» WORK REQUIRED: Reproduce exactly the lines of this material that begin at the line with "Grasshopper - 534157" and end at the line with "Barone di Mare area giochi bambini", both included. Omit the pictures and everything else.
----- GIVEN INFORMATION
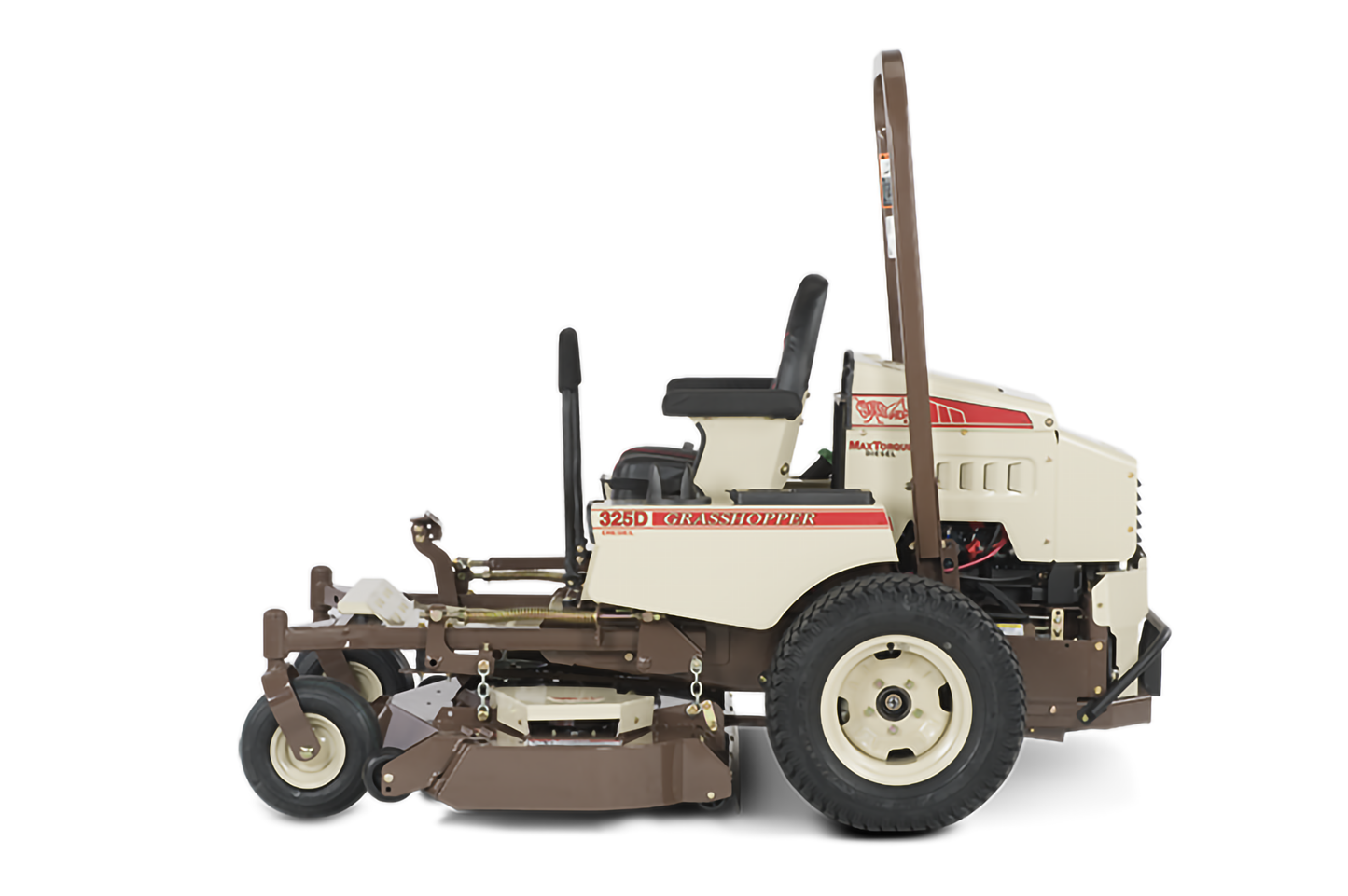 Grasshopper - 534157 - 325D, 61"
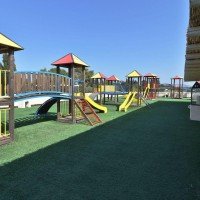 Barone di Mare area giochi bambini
----------
----- GIVEN INFORMATION
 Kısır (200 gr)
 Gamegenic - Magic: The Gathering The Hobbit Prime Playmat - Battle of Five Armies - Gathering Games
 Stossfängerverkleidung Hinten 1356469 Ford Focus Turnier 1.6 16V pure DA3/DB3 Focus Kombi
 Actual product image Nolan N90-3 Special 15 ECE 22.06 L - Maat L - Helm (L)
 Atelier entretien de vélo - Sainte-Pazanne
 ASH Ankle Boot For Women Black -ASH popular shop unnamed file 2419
----------
» ANSWER TO THIS TASK:
 Grasshopper - 534157 - 325D, 61"
 Barone di Mare area giochi bambini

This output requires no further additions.